BDIU-Ombudsfrau Sonja Steffen, von 2009 bis 2021 Mitglied des Bundestags,
erreichten im Jahr 2023 insgesamt 1.250 Beschwerden. Im Vergleich zu den 33
Millionen neuen Inkassoforderungen ergibt sich daraus eine Quote von 0,0037
Prozent. Nimmt man nur die begründeten Beschwerden, liegt die Zahl sogar noch
niedriger. Dann kommen anderthalb Beschwerden auf eine Million Fälle. Dazu noch
einmal Blietz-Weidmann: "Die Beschwerdequote im Inkasso ist verschwindend
gering. Berücksichtigt man die Sensibilität der Thematik, ist das ein
eindrucksvoller Nachweis der guten und fairen Arbeit der Branche und zeigt, dass
die nie enden wollenden Rufe nach mehr Verbraucherschutz im Inkasso ein Zerrbild
der Realität zeichnen."
Schuldnerschutz auf Kosten der Allgemeinheit
Nicht nur deshalb fordert die BDIU-Präsidentin vom Gesetzgeber, der die
Inkassokosten, die vom Schuldner erstattet werden müssen, zuletzt stark
herabgesetzt hatte, ein grundsätzliches Umdenken: "Die Kosten, die der Schuldner
nun nicht mehr erstatten muss, fallen nicht einfach weg, sie werden vom
Verursacher auf den ohnehin geprellten Gläubiger abgewälzt!" Die Gläubiger
müssen diese Kosten über ihre Preise auf die Allgemeinheit umlegen und so die
Kosten des Fehlverhaltens einzelner gewissermaßen vergesellschaften. "Der
Gesetzgeber sollte den Mut aufbringen, die Verursacher wieder stärker in die
Pflicht zu nehmen.", fordert die BDIU-Präsidentin deshalb. Auch das sei ein Teil
des Verbraucherschutzes, der aber bislang vernachlässigt werde. Sie erinnert in
diesem Zusammenhang noch einmal daran, dass gerade die Inkassodienstleister sehr
daran interessiert seien, mit den Schuldnern zu guten Vereinbarungen zu kommen.

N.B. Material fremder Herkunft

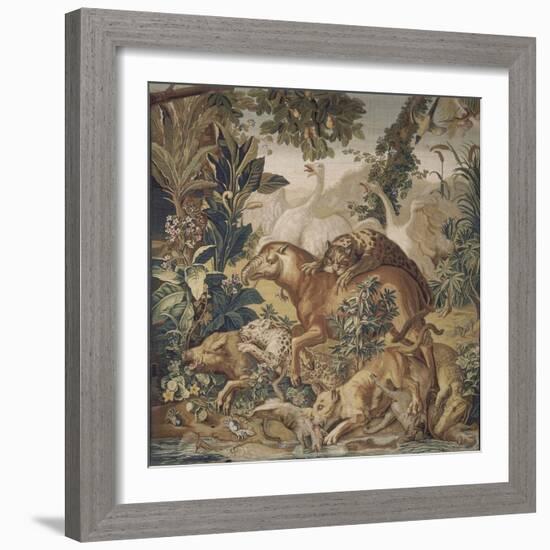 Tapisserie de la Suite des Indes : le Combat d'animaux.-null-Framed Giclee Print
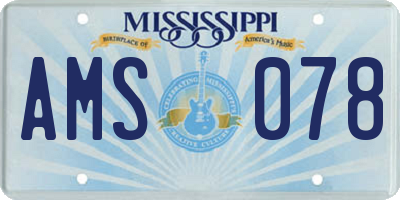 MS license plate AMS078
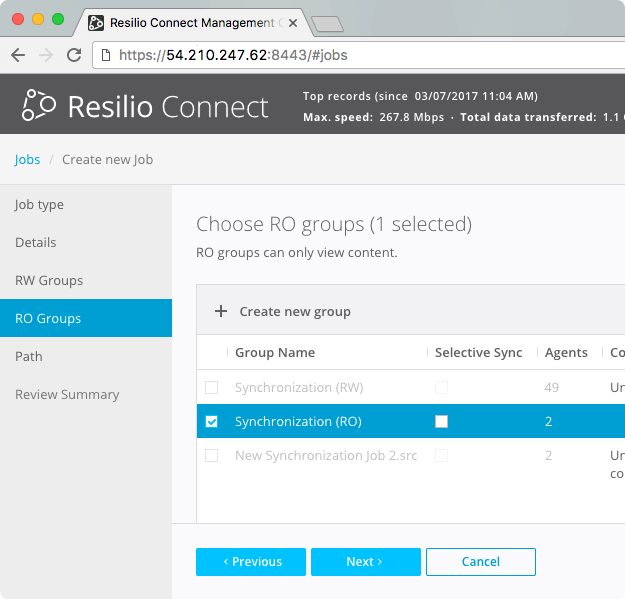 Resilio Connect: Jobs - RO Groups (Choose RO Group)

Denn auch hier gelte: Zeit ist Geld. Zudem wisse sie aus ihrem täglichen
Geschäft als Chief Operations Officer bei der Lowell DACH Gruppe, dass die
Schuldnergespräche oft positiv verliefen. Viele seien tatsächlich froh, wenn
ihnen ein Weg aus der Verschuldung gezeigt werde. "Im Grunde betreiben wir als
Inkasso-Branche, gestützt auf unseren Code of Conduct und auf den gemeinsamen
Wunsch aller Beteiligten, die Schulden aus der Welt zu schaffen, effektiven
Verbraucherschutz. Auch wenn das einigen nicht ins Weltbild passt."
Inkasso-Branche zu Personalabbau gezwungen
Laut Branchenreport23 wurden in der Inkassowirtschaft zuletzt stark
Arbeitsplätze abgebaut. Gab es 2018 noch rund 20.000 Beschäftigte in der
Branche, sank die Zahl um ein Viertel auf nur noch 15.000 Mitarbeitende
(Branchenreport23) und erreichte einen neuen Tiefstand. Für Blietz-Weidmann ist
das auch eine Folge der Gebührenregulierung, denn die willkürliche Deckelung der
erstattungsfähigen Inkassokosten habe den Kostendruck für die Branche massiv
erhöht. Darunter leiden auch die Schuldner, sagt Blietz-Weidmann: "Verschuldete
Menschen profitieren davon, wenn gut geschulte Inkassomitarbeitende ihnen
helfen, Lösungen zu finden. In ihrem neuen Zuschnitt liefert die Gebührenordnung
den Unternehmen hierfür bedauerlicherweise immer weniger Spielraum."